The Challenge Cup is, was and hopefully always will be a jewel in Rugby League’s crown.

Ignore the deluded few who preach that it no longer deserves its spot in our 21st century calendar.

The day we ditch a competition of such rich and varied heritage is the day the last one to leave should turn out the lights.

For all its obvious faults, the Challenge Cup is a direct line to our roots. It retains prestige in the eyes of the national media.

And like football’s FA Cup, its inclusivity for big clubs and small promotes a ‘one game’ philosophy – we all of us belong.

It may be a wild-eyed dream that a community club like Pilkington Recs could nowadays make the final.
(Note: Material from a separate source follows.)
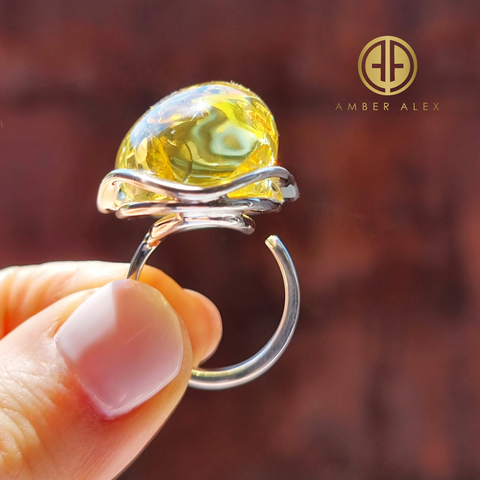 Lemon Amber Free Shape Adjustable Ring Sterling Silver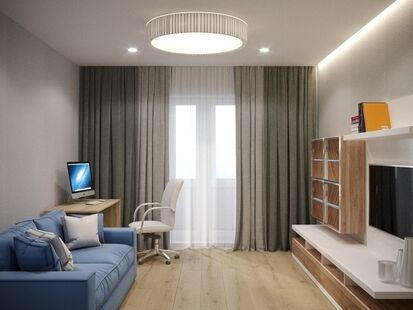 Фото № 4: Дизайн-проект двухкомнатной квартиры 75.4  м² Стиль Модернизм для тсж ясенки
Yet, theoretically at least, when they set out on the ‘road to Wembley’ it is the same road travelled as 12-time winners St Helens.

And what is sport without dreams anyway?

None of which is to deny that – as with the FA Cup – the glamour and profile have dipped in recent years.

But rather than throw the silverware out with the muddy bathwater, we simply need to give the good old Cup a scrub.

I’ll let others debate the best structure – though one-sided results are the least of it, if the comp as a whole has appeal.

And next year’s big shake-up does offer an ideal opportunity to revamp the Cup for the modern era.

But its biggest problem is relatively straightforward to put right. Namely, a disjointed schedule and the date of the final itself.

Standardise weekly or fortnightly rounds at the start of the year – perhaps via the return of televised midweek Floodlit RL – and stage the final in May.

Britain today is in love with big events … Glastonbury, Eurovision et al … with sport no exception, as we saw in RLWC2013.

So let’s spread our eye-catching festivals right across the campaign, rather than bung everything on simultaneously at season’s end.

In harsh economic times, that’s easier on the pockets of fans, too.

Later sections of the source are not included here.